WORK ITEM:
From the first line to the last, print the material exactly, skipping the pictures.

──────────────────────────────

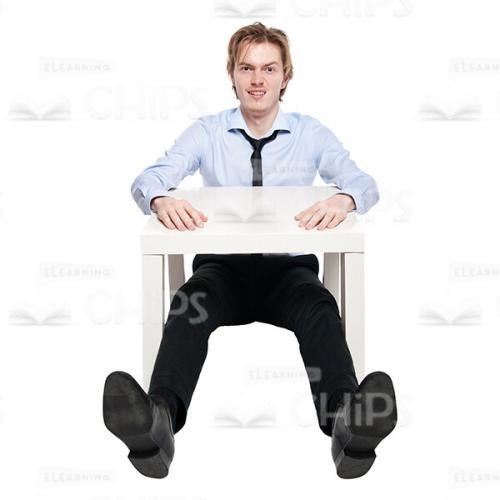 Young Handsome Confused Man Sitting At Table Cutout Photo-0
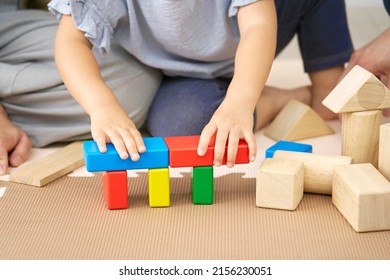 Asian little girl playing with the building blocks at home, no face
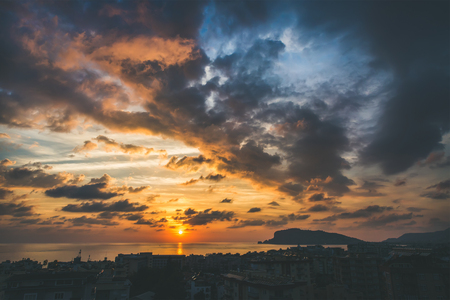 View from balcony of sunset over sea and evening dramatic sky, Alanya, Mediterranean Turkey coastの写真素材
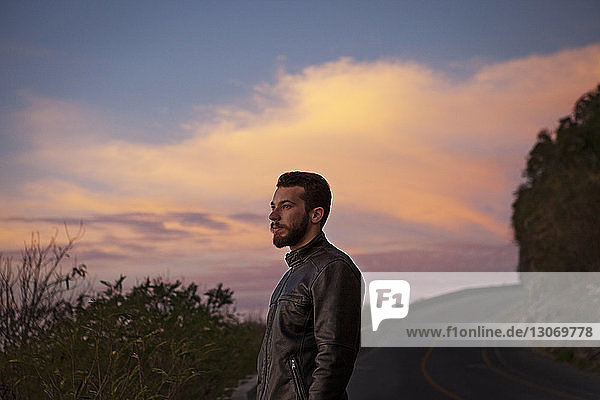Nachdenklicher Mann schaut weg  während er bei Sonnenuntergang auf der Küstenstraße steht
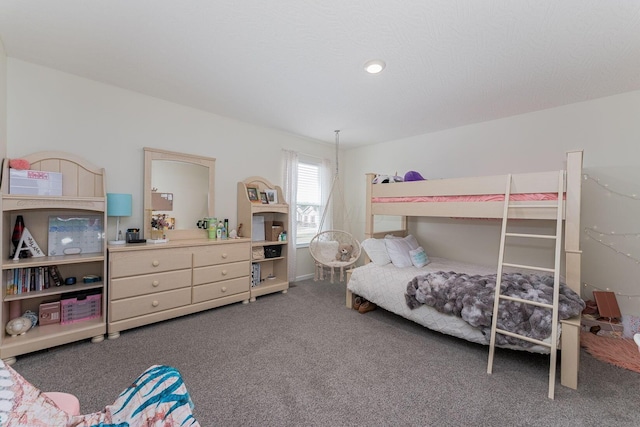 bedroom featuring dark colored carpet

──────────────────────────────

RESULT FOR THIS EXERCISE:
 Young Handsome Confused Man Sitting At Table Cutout Photo-0
 Asian little girl playing with the building blocks at home, no face
 View from balcony of sunset over sea and evening dramatic sky, Alanya, Mediterranean Turkey coastの写真素材
Nachdenklicher Mann schaut weg  während er bei Sonnenuntergang auf der Küstenstraße steht
 bedroom featuring dark colored carpet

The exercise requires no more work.